**Try it:** Look through the records below for the line with "R. Keith Parks, former" and the line with "2017 Tata TIGOR", then return those lines and all lines between, exactly.

**Record extracts:**
◆ ◆ ◆ ◆ ◆
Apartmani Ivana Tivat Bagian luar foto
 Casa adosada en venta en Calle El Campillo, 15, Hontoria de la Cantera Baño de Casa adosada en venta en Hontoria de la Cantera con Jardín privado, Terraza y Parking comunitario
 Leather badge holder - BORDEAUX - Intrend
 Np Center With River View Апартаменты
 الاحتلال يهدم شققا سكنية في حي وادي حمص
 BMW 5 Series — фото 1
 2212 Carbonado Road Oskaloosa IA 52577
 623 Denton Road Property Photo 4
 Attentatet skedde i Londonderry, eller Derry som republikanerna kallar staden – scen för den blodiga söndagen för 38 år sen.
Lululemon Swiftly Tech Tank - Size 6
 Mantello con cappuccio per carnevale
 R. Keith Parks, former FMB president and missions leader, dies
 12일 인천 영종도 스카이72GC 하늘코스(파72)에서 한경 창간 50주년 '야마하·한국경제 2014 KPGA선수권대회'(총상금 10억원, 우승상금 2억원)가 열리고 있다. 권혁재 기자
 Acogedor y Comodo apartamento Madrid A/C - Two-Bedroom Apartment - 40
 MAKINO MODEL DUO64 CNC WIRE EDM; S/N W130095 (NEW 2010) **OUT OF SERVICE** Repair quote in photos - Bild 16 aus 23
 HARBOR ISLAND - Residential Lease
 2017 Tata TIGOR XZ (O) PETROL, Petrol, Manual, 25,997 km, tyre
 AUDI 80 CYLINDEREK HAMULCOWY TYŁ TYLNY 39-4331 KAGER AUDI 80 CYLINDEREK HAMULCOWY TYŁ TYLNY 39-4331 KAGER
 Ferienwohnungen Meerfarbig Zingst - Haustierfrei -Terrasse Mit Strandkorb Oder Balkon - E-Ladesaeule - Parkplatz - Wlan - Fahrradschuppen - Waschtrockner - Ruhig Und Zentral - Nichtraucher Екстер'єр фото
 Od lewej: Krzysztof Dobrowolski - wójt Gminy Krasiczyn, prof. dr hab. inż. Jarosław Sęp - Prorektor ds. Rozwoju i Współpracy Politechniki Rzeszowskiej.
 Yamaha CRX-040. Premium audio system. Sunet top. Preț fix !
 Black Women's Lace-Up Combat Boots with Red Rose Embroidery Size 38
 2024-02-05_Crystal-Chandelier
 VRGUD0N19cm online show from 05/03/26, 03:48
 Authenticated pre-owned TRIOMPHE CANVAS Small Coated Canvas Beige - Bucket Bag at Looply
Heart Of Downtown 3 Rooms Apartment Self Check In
◆ ◆ ◆ ◆ ◆
**Exercise response:**
 R. Keith Parks, former FMB president and missions leader, dies
 12일 인천 영종도 스카이72GC 하늘코스(파72)에서 한경 창간 50주년 '야마하·한국경제 2014 KPGA선수권대회'(총상금 10억원, 우승상금 2억원)가 열리고 있다. 권혁재 기자
 Acogedor y Comodo apartamento Madrid A/C - Two-Bedroom Apartment - 40
 MAKINO MODEL DUO64 CNC WIRE EDM; S/N W130095 (NEW 2010) **OUT OF SERVICE** Repair quote in photos - Bild 16 aus 23
 HARBOR ISLAND - Residential Lease
 2017 Tata TIGOR XZ (O) PETROL, Petrol, Manual, 25,997 km, tyre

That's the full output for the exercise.